Au moment où leurs lèvres se touchèrent, Rose sentit à quel point elles étaient sèches. Sa main remonta sur son flanc et elle eut envie de rire sous la caresse qui avait plus l'effet d'une chatouille. La langue de Chase s'immisça dans la bouche de la jeune fille et elle n'aima pas du tout la sensation. Elle fut prise de panique lorsqu'elle se demanda ce qu'elle devait faire de la sienne. Et elle restait toujours désespérément immobile, les bras ballants attendant que cela se termine.

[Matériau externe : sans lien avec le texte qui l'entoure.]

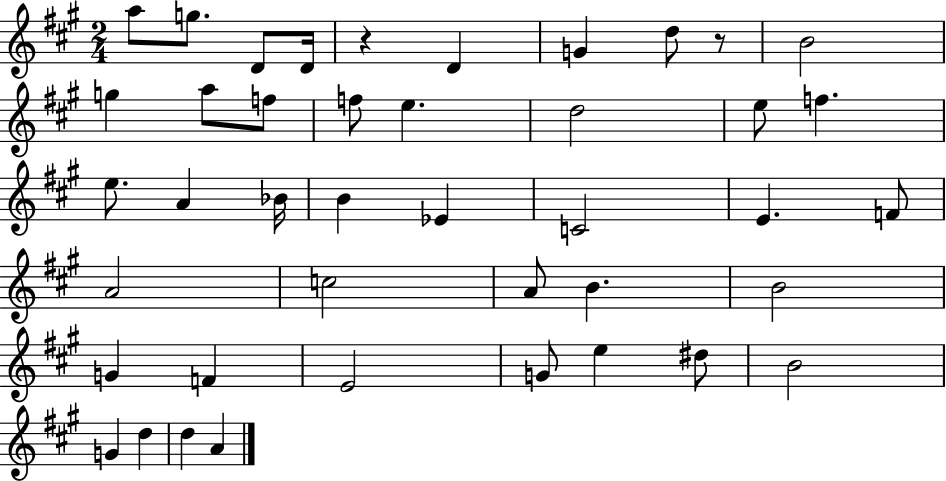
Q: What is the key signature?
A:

Une angoisse profonde et sourde commençait à l'envahir. Son mantra s'était perdu dans l'abîme de ses peurs. Elle imagina Chase s'écarter d'elle avec un soupir résigné en lui disant que décidément ce n'était vraiment pas ça. Elle eut peur qu'il la trouve, à nouveau, frigide. Pas encore. Elle ne le supporterait pas une deuxième fois.

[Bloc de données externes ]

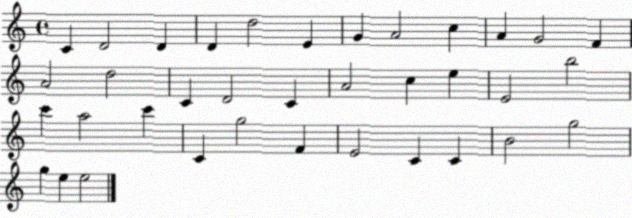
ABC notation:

X:1
T:Untitled
M:4/4
L:1/4
K:C
C D2 D D d2 E G A2 c A G2 F A2 d2 C D2 C A2 c e E2 b2 c' a2 c' C g2 F E2 C C B2 g2 g e e2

Rose ferma les yeux. Elle contra sa peur en se forçant à se souvenir de toutes les bonnes expériences qu'elle avait eut dans le cadre de l'intimité. A vrai dire, elle n'avait qu'un seul référent et il s'appelait Scorpius. Rose appela son souvenir. Elle se dit, avec beaucoup de persuasion, qu'elle se trouvait, de nouveau, dans la chambre de son ami d'enfance. C'était lui qui la tenait dans ses bras et qui déposait un doux baisers sur ses lèvres.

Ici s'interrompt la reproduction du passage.